The Industry Leader in Green Initiatives with the Most Technologically Advanced Fleet Available
Code of Business Conduct
Swift Transportation Co., Inc.’s culture includes promotion of professional conduct in the practice of all employees, officers, and board members throughout the Company.
One of our values is that all employees are held to the highest standards of veracity. We are honest and ethical in all our business dealings, starting with how we treat one another. We keep our promises and admit our mistakes. Our personal conduct ensures that Swift will be there to deliver your future. Swift employees, officers and board members hold an important and elevated role in corporate governance in that they are uniquely capable and empowered to ensure that all stakeholders’ interests are appropriately balanced, protected and preserved. This Code provides principles to which Swift’s employees, officers, and board members are expected to adhere and advocate. They embody rules regarding individual and peer responsibilities, as well as responsibilities to other employees, the public and other stakeholders. Employees, officers, and board members are expected to abide by this Code as well as any other applicable Swift policies or guidelines in the employee handbook relating to the areas covered by this Code.

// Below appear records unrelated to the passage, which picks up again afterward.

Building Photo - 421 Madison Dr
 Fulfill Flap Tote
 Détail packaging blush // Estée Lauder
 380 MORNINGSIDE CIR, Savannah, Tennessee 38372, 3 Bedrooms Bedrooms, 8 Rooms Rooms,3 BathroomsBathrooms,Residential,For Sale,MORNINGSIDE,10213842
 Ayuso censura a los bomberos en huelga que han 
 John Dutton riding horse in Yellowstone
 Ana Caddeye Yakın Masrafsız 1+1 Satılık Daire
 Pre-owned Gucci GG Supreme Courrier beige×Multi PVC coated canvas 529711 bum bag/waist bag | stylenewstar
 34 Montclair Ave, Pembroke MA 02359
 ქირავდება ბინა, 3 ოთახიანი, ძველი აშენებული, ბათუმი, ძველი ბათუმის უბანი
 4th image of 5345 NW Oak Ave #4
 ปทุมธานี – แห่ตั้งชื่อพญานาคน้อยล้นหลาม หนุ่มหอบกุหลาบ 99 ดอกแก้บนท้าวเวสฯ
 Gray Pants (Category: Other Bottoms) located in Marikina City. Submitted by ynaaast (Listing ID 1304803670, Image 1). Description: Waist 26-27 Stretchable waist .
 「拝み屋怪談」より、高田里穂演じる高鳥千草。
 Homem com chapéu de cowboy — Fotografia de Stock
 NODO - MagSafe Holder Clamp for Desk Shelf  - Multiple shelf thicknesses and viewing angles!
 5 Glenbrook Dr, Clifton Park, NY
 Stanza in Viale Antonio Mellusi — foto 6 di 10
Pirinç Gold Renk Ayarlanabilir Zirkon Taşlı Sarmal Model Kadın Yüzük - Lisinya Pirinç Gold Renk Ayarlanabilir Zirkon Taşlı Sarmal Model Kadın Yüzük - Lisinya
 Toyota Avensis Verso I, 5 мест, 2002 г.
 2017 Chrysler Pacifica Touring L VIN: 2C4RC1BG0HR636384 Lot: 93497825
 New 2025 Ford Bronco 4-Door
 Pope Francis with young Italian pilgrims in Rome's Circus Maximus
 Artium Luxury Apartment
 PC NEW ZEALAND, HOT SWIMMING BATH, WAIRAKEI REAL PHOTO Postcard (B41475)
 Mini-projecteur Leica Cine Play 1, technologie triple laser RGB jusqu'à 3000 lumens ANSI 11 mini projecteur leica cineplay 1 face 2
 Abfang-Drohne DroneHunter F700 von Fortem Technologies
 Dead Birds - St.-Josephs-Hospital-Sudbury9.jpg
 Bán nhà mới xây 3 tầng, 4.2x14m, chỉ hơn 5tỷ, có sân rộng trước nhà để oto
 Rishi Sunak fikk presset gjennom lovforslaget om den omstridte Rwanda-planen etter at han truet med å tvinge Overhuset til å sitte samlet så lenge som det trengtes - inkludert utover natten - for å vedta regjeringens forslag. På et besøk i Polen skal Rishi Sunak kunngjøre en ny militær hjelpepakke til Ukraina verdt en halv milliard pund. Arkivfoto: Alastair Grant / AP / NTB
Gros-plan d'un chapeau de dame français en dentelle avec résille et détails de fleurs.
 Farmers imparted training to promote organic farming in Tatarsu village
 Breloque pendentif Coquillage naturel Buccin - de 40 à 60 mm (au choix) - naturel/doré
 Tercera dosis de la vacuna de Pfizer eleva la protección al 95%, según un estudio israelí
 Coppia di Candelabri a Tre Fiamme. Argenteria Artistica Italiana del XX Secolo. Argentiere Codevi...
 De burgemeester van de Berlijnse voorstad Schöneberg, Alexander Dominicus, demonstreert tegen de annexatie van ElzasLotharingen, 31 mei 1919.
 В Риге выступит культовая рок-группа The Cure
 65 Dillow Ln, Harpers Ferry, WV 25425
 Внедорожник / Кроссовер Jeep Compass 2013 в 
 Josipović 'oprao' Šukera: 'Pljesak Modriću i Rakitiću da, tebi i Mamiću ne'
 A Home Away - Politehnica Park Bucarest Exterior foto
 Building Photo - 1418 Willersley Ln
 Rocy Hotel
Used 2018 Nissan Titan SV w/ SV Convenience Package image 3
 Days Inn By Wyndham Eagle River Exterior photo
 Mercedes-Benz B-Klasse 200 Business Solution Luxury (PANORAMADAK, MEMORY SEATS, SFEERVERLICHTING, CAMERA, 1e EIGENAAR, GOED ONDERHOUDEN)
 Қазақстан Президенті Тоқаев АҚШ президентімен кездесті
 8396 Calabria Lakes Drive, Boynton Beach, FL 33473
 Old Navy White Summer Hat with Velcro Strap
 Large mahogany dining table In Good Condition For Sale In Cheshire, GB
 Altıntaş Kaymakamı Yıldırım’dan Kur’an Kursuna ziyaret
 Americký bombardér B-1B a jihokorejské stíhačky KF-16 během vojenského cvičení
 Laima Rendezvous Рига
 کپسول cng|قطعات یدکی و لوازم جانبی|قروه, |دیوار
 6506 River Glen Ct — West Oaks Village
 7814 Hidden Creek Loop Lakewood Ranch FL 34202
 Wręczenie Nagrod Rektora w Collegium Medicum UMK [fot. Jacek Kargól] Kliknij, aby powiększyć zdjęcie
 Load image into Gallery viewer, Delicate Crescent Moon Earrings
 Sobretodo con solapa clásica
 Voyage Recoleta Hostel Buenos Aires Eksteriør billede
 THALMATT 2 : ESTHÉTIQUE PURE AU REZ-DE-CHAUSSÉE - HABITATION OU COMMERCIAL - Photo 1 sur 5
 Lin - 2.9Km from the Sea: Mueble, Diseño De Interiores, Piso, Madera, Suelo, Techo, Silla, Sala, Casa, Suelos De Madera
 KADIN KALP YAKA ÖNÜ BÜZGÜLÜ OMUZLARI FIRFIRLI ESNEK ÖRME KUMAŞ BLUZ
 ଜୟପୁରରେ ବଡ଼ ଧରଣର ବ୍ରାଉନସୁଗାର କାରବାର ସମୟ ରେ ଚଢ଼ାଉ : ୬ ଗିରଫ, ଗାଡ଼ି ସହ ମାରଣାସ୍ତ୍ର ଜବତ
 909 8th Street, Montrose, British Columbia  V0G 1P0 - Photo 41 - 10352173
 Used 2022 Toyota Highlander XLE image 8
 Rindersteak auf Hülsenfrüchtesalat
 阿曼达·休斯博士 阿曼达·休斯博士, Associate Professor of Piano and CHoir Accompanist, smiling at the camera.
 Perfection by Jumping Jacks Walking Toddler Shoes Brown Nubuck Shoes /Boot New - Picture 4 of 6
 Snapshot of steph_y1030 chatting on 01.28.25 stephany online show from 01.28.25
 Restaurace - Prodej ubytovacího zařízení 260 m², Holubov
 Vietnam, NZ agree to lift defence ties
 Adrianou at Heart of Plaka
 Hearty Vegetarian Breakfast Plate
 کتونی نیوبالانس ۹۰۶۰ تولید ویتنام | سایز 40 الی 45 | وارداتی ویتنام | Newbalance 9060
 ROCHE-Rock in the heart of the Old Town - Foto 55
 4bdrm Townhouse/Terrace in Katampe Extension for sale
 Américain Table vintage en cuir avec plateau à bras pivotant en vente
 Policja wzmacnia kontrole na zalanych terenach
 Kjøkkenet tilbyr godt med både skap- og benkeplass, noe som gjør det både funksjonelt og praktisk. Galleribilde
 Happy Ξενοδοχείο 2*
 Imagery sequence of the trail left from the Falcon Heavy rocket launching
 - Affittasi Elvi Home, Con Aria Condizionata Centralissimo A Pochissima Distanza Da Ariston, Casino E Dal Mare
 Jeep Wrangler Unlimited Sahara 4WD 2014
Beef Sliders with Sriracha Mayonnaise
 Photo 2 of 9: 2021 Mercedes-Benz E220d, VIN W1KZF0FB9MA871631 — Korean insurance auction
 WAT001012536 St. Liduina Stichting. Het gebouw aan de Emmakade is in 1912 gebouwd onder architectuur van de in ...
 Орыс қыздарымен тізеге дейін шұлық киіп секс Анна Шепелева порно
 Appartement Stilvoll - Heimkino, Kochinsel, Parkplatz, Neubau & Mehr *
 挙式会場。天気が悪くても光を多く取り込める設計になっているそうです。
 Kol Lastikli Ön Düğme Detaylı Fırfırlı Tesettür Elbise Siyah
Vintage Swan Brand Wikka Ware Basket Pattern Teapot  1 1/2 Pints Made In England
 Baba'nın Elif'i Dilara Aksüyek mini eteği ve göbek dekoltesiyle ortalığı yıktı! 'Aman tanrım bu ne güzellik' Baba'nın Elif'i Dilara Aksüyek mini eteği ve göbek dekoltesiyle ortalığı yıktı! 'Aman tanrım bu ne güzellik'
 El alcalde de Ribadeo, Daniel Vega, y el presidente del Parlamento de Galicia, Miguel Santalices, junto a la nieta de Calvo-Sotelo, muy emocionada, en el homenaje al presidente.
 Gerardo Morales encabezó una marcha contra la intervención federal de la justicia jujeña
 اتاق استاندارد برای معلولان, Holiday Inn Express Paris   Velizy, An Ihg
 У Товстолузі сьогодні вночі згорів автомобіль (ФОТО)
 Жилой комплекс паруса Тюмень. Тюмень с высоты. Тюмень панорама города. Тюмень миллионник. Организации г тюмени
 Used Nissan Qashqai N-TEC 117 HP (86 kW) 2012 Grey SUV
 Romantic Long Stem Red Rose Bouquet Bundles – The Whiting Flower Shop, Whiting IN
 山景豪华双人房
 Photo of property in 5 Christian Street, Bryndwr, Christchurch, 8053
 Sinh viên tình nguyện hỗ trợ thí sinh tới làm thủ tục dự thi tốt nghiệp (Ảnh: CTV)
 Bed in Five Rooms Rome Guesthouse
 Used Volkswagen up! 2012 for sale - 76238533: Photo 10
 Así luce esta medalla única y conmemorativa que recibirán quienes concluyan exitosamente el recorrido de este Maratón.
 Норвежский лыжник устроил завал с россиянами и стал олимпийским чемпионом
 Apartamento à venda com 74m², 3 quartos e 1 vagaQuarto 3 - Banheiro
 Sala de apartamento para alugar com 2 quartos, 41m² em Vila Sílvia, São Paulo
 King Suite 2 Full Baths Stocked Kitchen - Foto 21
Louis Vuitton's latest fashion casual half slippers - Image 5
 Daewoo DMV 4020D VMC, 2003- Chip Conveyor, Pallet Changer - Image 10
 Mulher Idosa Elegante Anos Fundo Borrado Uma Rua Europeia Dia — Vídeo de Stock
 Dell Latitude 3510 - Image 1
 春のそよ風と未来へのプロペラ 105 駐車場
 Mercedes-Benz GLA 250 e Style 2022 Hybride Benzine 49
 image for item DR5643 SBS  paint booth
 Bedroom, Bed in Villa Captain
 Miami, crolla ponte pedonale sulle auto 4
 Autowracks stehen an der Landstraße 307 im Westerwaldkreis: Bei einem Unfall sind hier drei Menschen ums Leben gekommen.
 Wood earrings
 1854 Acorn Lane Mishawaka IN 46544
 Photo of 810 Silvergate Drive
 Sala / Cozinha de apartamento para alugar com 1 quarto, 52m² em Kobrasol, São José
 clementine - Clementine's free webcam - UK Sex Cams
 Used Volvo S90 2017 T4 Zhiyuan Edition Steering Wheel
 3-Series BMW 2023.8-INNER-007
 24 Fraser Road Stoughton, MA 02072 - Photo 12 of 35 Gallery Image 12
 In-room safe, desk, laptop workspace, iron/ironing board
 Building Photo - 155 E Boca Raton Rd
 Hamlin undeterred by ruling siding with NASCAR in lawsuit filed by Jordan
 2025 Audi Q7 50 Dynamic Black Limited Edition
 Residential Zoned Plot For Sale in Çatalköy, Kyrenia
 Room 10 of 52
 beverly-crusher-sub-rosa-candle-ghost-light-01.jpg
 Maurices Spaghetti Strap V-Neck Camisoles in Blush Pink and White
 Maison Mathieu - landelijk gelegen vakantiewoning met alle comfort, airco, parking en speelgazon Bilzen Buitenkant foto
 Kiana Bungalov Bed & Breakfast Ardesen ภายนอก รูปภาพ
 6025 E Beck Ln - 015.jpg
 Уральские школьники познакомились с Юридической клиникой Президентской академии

The Company’s employees, officers, and board members will:
1. Act with honesty, integrity and ethical conduct, including the ethical handling of actual or apparent conflicts of interest between personal and professional relationships. Compliance with this provision means that transactions involving conflicts of interest shall be approved by the appropriate person or, if required by the Company’s policies or SEC rules, by the Board of Directors or committee of directors. Provided appropriate approvals are obtained in accordance with the Company’s and the SEC’s policies and rules, a conflict of interest transaction will be considered to be in compliance with this Code and not a waiver of the Code.
2. Provide stakeholders with full, fair, accurate, timely, and understandable disclosure in reports and documents that a registrant files with, or submits to, the SEC and in other public communications made by the registrant.
3. Comply with applicable rules and regulations of federal, state, provincial and local governments, and other appropriate private and public regulatory agencies.
4. Act in good faith, responsibly, with due care, competence and diligence, without misrepresenting material facts or allowing one’s independent judgment to be subordinated.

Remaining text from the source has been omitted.